O que a fez regressar, mais de 20 anos depois, ao "Lázaro do Porto"?
A história por trás do texto. Começou por ser uma ideia para um dos contos, de uma coletânea a ser publicada durante Porto Capital da Cultura que mandei a editora Asa. Gostaram muito do tema e pediram-me para escrever uma novela com 80 páginas, para a chancela Pequenos Prazeres. Acontece que tive uma proposta da nova editora Temas & Debates, dirigida por Maria do Rosário Pedreira, para publicar o livro assim como estava. O próprio Manuel Valente disse-me para aceitar. Ora, na pesquisa que tinha feito, apaixonei-me pela riqueza de situações que não cabiam naquele limite. E no ano passado, achei que tinha chegado o momento de contar o resto.

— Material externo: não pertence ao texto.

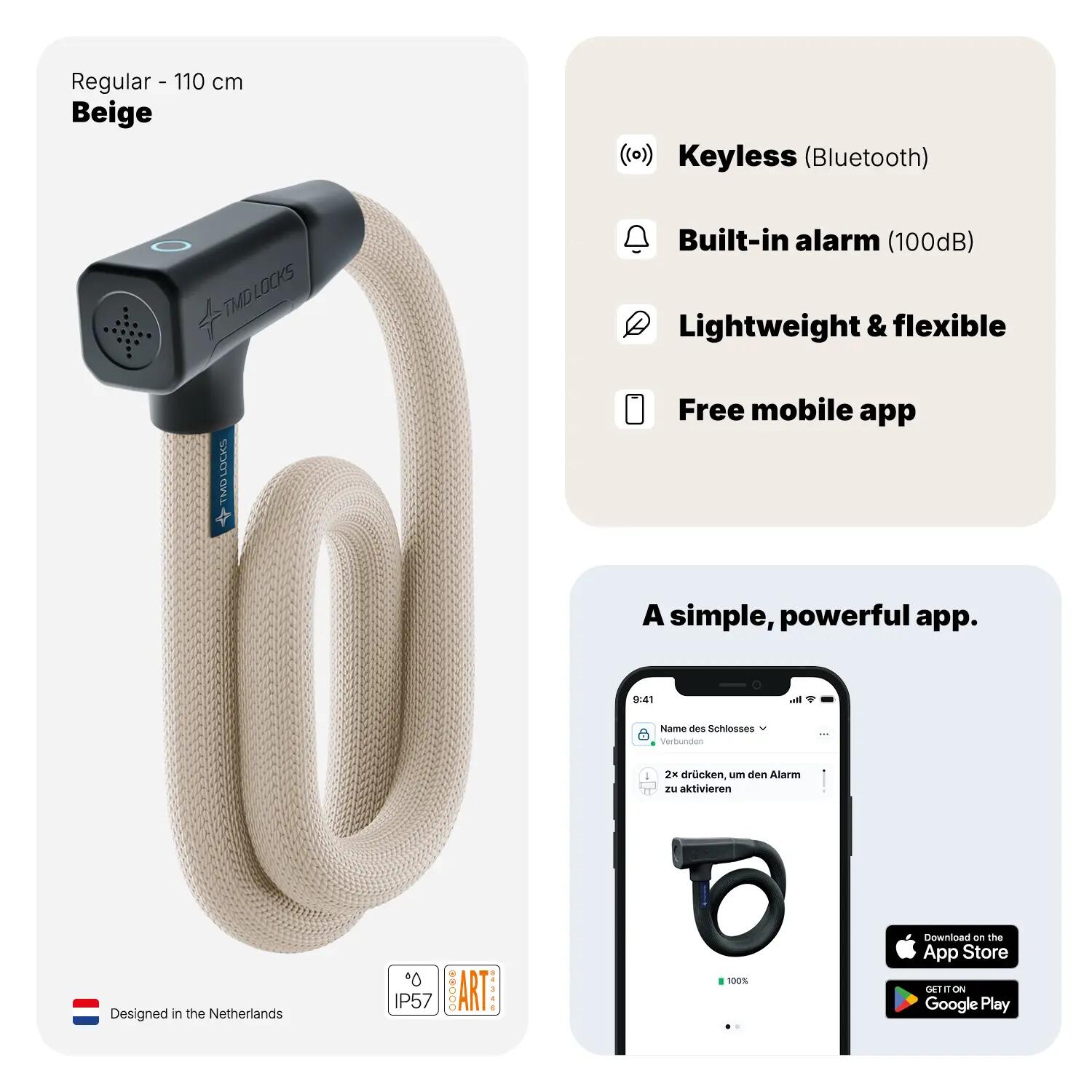 Antivol connecté e-bike sans clé, alarme, certifié ART 2. 6/16
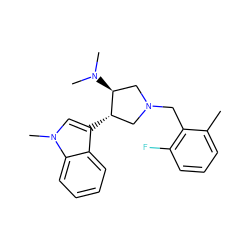 Cc1cccc(F)c1CN1C[C@H](c2cn(C)c3ccccc23)[C@@H](N(C)C)C1 ZINC001772644360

A reescrita incidiu em que valências sobretudo?
Além de momentos históricos relevantes, pessoas que se destacaram nessa luta. Se algumas personagens são inventadas, devem ter existido com outros nomes, pois todas as circunstâncias se baseiam em factos reais, como a coragem das mulheres do Norte ou o reino nos Açores, por exemplo.
Como foi esse reencontro com uma obra que escreveu quase no início do seu percurso?
Há reencontros felizes e este é um deles. Repare que muitas cenas não foram alteradas, continuavam a ter a carga emocional necessária. O tom e a musicalidade das frases eram bons, a limitação de espaço tinha tolhido o livro e ele merecia essa libertação. Eu também.
Já não é a primeira reescrita que faz de um romance. Acha que um livro nunca está verdadeiramente terminado?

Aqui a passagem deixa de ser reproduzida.